--- START ---

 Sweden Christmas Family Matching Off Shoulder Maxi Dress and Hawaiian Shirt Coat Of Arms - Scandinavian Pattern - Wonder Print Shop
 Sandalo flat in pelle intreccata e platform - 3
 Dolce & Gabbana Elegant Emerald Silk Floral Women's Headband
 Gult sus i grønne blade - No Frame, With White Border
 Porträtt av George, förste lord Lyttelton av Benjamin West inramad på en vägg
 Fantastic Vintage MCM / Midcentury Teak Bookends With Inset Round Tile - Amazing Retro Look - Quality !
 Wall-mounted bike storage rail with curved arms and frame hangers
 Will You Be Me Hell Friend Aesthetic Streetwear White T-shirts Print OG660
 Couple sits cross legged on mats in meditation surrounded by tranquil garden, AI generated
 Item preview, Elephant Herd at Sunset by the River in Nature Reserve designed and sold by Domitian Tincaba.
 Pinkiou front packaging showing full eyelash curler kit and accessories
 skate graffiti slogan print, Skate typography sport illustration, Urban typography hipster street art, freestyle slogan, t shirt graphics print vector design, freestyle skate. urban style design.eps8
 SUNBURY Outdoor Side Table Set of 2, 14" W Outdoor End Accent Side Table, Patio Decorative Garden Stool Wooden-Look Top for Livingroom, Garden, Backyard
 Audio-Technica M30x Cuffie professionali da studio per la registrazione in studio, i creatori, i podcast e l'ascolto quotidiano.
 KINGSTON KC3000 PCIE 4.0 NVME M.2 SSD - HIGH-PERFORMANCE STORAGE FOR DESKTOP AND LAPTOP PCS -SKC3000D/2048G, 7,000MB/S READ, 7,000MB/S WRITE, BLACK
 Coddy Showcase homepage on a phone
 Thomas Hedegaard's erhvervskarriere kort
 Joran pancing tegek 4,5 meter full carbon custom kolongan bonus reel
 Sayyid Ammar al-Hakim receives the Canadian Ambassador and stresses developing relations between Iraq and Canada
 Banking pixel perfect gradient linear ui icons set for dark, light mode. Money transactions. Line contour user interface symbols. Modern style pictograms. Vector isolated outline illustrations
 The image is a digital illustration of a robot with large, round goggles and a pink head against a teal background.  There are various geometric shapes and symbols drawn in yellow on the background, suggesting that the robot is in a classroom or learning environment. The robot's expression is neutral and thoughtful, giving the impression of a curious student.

--- END ---

▸ PROBLEM TO SOLVE: Restate the listing word for word.

▸ RESPONSE TO THIS EXERCISE:
 Sweden Christmas Family Matching Off Shoulder Maxi Dress and Hawaiian Shirt Coat Of Arms - Scandinavian Pattern - Wonder Print Shop
 Sandalo flat in pelle intreccata e platform - 3
 Dolce & Gabbana Elegant Emerald Silk Floral Women's Headband
 Gult sus i grønne blade - No Frame, With White Border
 Porträtt av George, förste lord Lyttelton av Benjamin West inramad på en vägg
 Fantastic Vintage MCM / Midcentury Teak Bookends With Inset Round Tile - Amazing Retro Look - Quality !
 Wall-mounted bike storage rail with curved arms and frame hangers
 Will You Be Me Hell Friend Aesthetic Streetwear White T-shirts Print OG660
 Couple sits cross legged on mats in meditation surrounded by tranquil garden, AI generated
 Item preview, Elephant Herd at Sunset by the River in Nature Reserve designed and sold by Domitian Tincaba.
 Pinkiou front packaging showing full eyelash curler kit and accessories
 skate graffiti slogan print, Skate typography sport illustration, Urban typography hipster street art, freestyle slogan, t shirt graphics print vector design, freestyle skate. urban style design.eps8
 SUNBURY Outdoor Side Table Set of 2, 14" W Outdoor End Accent Side Table, Patio Decorative Garden Stool Wooden-Look Top for Livingroom, Garden, Backyard
 Audio-Technica M30x Cuffie professionali da studio per la registrazione in studio, i creatori, i podcast e l'ascolto quotidiano.
 KINGSTON KC3000 PCIE 4.0 NVME M.2 SSD - HIGH-PERFORMANCE STORAGE FOR DESKTOP AND LAPTOP PCS -SKC3000D/2048G, 7,000MB/S READ, 7,000MB/S WRITE, BLACK
 Coddy Showcase homepage on a phone
 Thomas Hedegaard's erhvervskarriere kort
 Joran pancing tegek 4,5 meter full carbon custom kolongan bonus reel
 Sayyid Ammar al-Hakim receives the Canadian Ambassador and stresses developing relations between Iraq and Canada
 Banking pixel perfect gradient linear ui icons set for dark, light mode. Money transactions. Line contour user interface symbols. Modern style pictograms. Vector isolated outline illustrations
 The image is a digital illustration of a robot with large, round goggles and a pink head against a teal background.  There are various geometric shapes and symbols drawn in yellow on the background, suggesting that the robot is in a classroom or learning environment. The robot's expression is neutral and thoughtful, giving the impression of a curious student.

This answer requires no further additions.